*** GIVEN ENTRIES ***

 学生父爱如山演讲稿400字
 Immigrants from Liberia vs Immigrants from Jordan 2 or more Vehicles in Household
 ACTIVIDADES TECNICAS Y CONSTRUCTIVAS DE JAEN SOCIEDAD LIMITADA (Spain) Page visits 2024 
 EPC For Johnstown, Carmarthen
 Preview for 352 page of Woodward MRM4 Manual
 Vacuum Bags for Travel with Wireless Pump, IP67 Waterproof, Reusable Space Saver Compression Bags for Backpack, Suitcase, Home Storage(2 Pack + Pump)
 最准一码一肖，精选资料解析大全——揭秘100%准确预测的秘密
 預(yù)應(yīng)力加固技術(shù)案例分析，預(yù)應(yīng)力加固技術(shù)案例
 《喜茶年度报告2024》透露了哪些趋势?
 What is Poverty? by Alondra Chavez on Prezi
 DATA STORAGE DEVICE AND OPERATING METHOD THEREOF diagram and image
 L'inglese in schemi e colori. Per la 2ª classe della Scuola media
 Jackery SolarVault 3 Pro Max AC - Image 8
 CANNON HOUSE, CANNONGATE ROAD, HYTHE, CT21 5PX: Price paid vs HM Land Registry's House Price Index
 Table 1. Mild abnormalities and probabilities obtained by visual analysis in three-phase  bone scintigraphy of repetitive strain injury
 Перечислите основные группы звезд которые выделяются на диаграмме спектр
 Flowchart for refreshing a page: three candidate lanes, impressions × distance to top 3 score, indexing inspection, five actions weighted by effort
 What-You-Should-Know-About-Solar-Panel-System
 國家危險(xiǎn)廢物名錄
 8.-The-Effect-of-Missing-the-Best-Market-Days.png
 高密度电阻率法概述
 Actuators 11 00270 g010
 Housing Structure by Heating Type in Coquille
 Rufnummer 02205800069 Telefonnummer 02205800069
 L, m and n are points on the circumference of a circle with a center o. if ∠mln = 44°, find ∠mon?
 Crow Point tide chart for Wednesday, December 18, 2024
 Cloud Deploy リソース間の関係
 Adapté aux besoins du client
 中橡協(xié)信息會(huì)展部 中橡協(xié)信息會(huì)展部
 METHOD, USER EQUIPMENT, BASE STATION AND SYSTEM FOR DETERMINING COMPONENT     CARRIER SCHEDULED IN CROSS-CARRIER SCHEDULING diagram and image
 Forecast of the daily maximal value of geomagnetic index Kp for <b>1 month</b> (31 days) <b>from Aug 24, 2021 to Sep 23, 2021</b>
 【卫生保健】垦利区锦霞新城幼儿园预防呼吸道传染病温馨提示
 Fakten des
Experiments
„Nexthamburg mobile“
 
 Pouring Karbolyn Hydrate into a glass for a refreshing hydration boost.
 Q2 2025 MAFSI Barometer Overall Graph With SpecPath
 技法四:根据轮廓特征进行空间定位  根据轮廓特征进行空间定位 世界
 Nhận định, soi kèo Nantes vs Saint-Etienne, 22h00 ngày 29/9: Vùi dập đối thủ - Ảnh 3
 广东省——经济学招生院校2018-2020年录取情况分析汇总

*** End of GIVEN ENTRIES ***

## WHAT IS NEEDED
Starting with the line with "DATA STORAGE DEVICE" above and going on through the line with "L, m and n are", transcribe every line exactly, both ends included, and add nothing.

## EXERCISE SOLUTION
 DATA STORAGE DEVICE AND OPERATING METHOD THEREOF diagram and image
 L'inglese in schemi e colori. Per la 2ª classe della Scuola media
 Jackery SolarVault 3 Pro Max AC - Image 8
 CANNON HOUSE, CANNONGATE ROAD, HYTHE, CT21 5PX: Price paid vs HM Land Registry's House Price Index
 Table 1. Mild abnormalities and probabilities obtained by visual analysis in three-phase  bone scintigraphy of repetitive strain injury
 Перечислите основные группы звезд которые выделяются на диаграмме спектр
 Flowchart for refreshing a page: three candidate lanes, impressions × distance to top 3 score, indexing inspection, five actions weighted by effort
 What-You-Should-Know-About-Solar-Panel-System
 國家危險(xiǎn)廢物名錄
 8.-The-Effect-of-Missing-the-Best-Market-Days.png
 高密度电阻率法概述
 Actuators 11 00270 g010
 Housing Structure by Heating Type in Coquille
 Rufnummer 02205800069 Telefonnummer 02205800069
 L, m and n are points on the circumference of a circle with a center o. if ∠mln = 44°, find ∠mon?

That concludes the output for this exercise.